Las primeras huellas que fuimos a ver fueron las de Enciso. Les conté a los niños que había trabajado en Dinópolis, que había hecho todos los espectáculos de animación y que en uno salía un T-Rex. Era un robot, les aclaré, pero lo tocaba y se le movía la cola y daba bastante impresión. Los niños me ignoraron diplomáticamente, pero a nuestra anfitriona le hizo mucha gracia. Habíamos ido en tres coches, el mío lo conducía yo, después de que Barreiros lo sacara del pueblo por la calle esa estrechísima por la que había que recoger los espejos retrovisores para pasar. Mi hija mayor se enfadó porque no le dejamos ir en el maletero de otro coche con otros niños. Dimos un paseo rápido mientras el sol se ocultaba por las huellas, tocamos los dinosaurios que hay dispersos por ahí, de fibra de vidrio pero con enormes cagadas de vaca en los pies. Por supuesto, les dije a los niños que tal vez esa caca no fuera de vaca, sino de los dinosaurios. Una de las niñas se pilló el dedo al cerrar el maletero; a otra le dio una especie de reacción alérgica después de que todos los niños se subieran en la cola de uno de los dinosaurios, el que era parecido a un tiranosaurio rex pero un poco más pequeño y con las manitas distintas. Uno de los niños sabía qué dinosaurio era y no paraba de repetir que en España nunca hubo T-Rex. 

Nuestra anfitriona dijo que podíamos parar en Santa Bárbara a tomar algo mientras los niños jugaban en el tobogán. Nada más entrar en el bar, al acercarme a preguntarle a la niña que se había pillado el dedo cómo iba la cosa, el árbol de navidad que tenían en la barra explotó y se fue la luz del bar. Así debió de empezar el incendio de mi casa, dije. Pedimos cafés y vasos de leche y cerveza y algunos chupachups. Luego nos dividimos en grupos y las tres madres nos fuimos a dar un paseo por el río a oscuras hasta la presa. 

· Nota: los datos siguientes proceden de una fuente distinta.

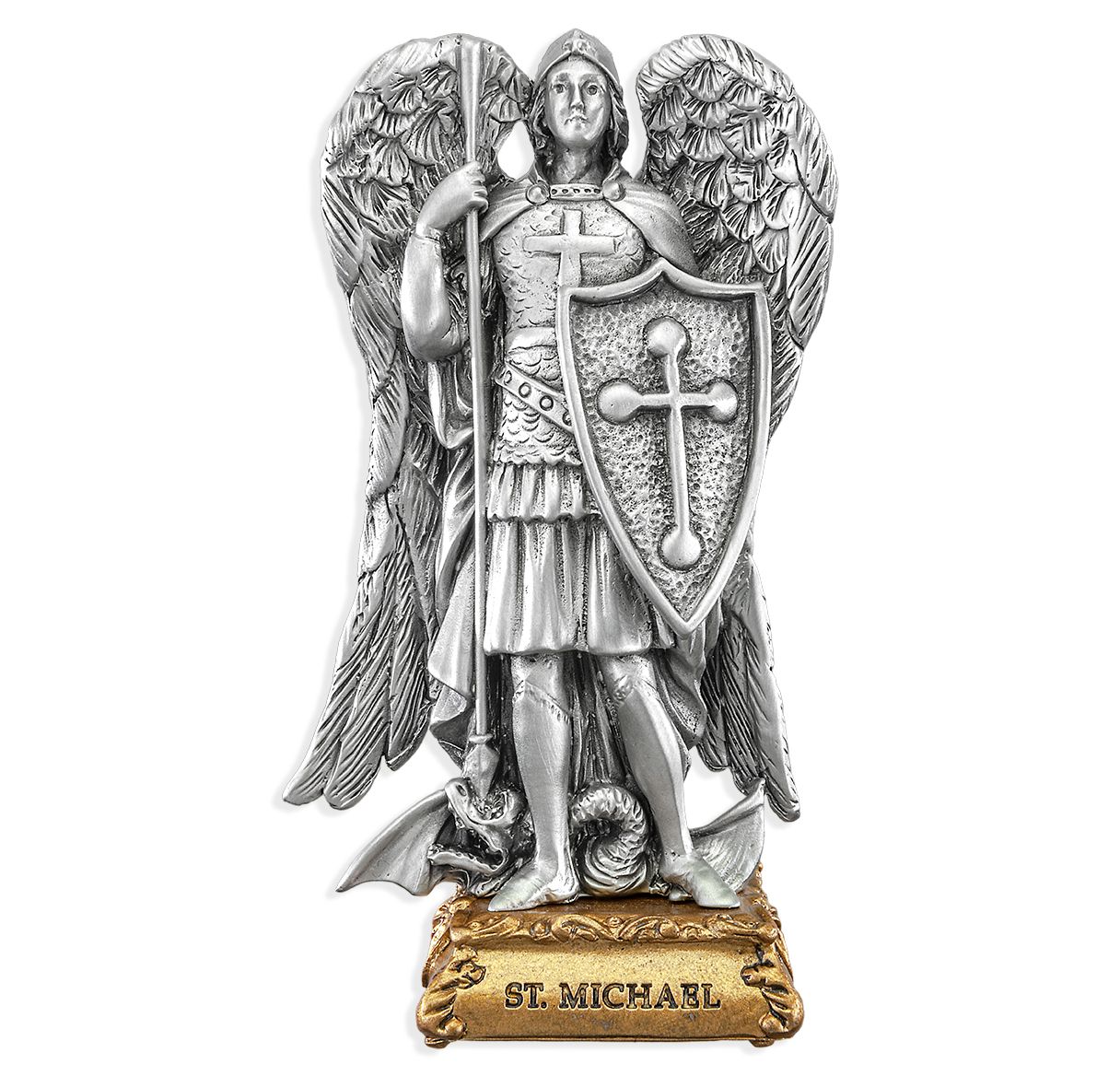 Pewter Saint Michael Statue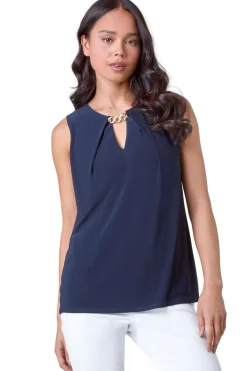 Roman Navy Petite Chain Trim Stretch Top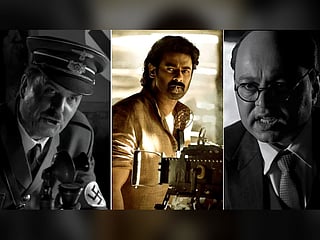 Prabhas in the upcoming film Fauzi is pictured alongside portrayals of Adolf Hitler and Netaji Subhas Chandra Bose, amid controversy over the film’s depiction of historical events.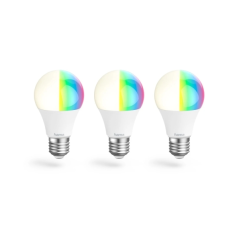 Hama Lot de 3 ampoules LED connectées E27 - Puissance 8,5 W - RGBW - Wi-Fi - Compatible assistant vocal - Contrôle via applicati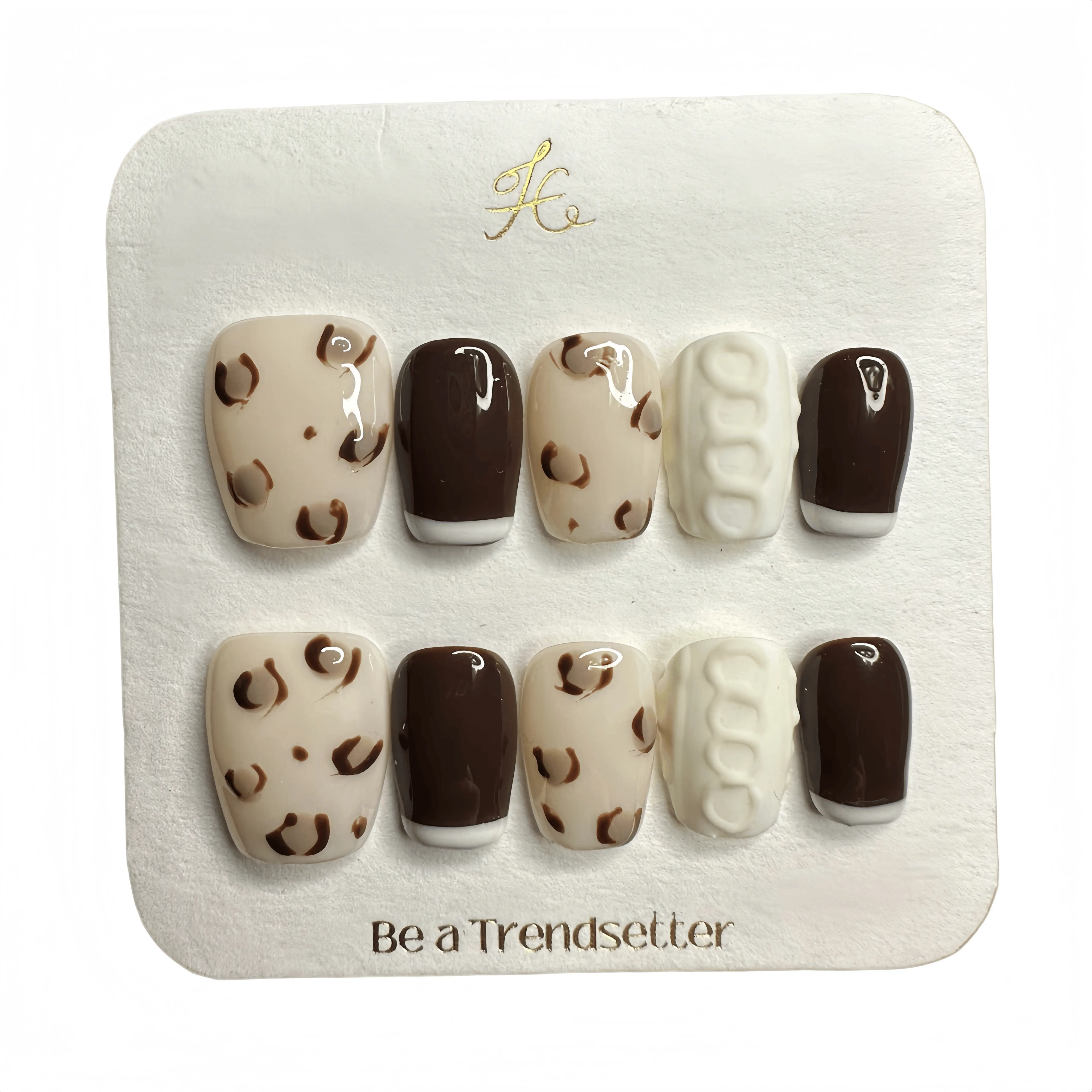 Y8 Contrasting Color Cow Handmade Nail Art with Reusable Almond Press Press-On Glossy Acrylic Nail and False French Tip nail  polish french tip nail Handmade Coffin Almond Press-On Nail Kit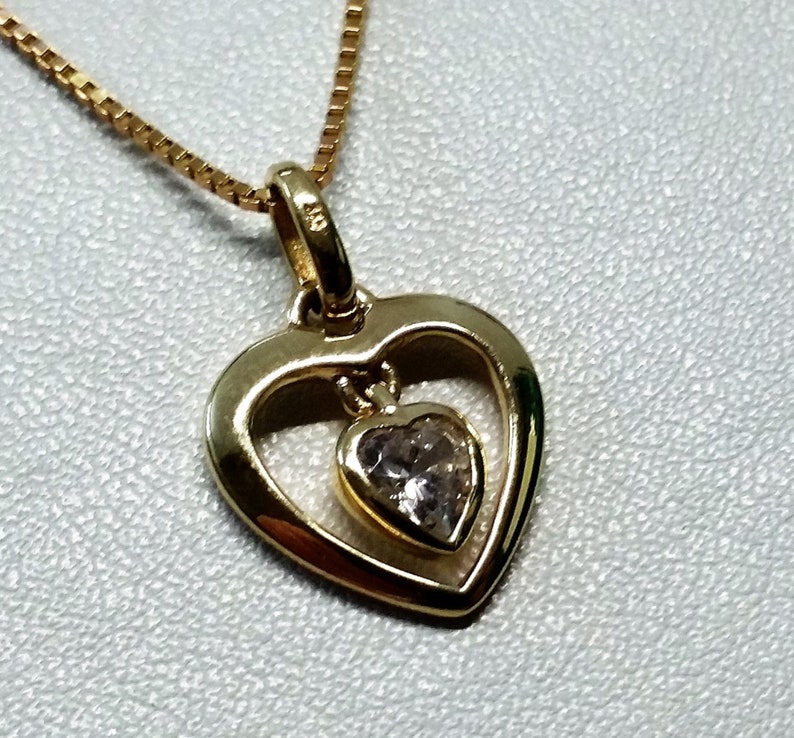 Pendant Heart Gold 333 Crystal Noble Vintage GA166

Desde que está la presa, explicó nuestra anfitriona, ya no dejan bañar, porque el nivel del agua puede subir de golpe, claro. Luego la gente hace lo que quiere, claro. 

Es que no está ni en google la presa. 

Yo pensaba que llevaba mucho tiempo. 

Qué va. 

Para llegar hasta allí habíamos encendido las linternas de los teléfonos y así iluminábamos el camino. Mi gorro se quedó enganchado en la rama de un arbusto, ahí colgado, iluminado por la linterna del teléfono, tenía un aire a película de miedo. Un poco The Blair Witch Project, dijo la anfitriona. Luego una de las tres hizo pis allí mismo. Volvimos en el coche de nuestra anfitriona. Esa noche cenamos alitas de pollo y quesos. No volví a emborracharme en el resto del puente.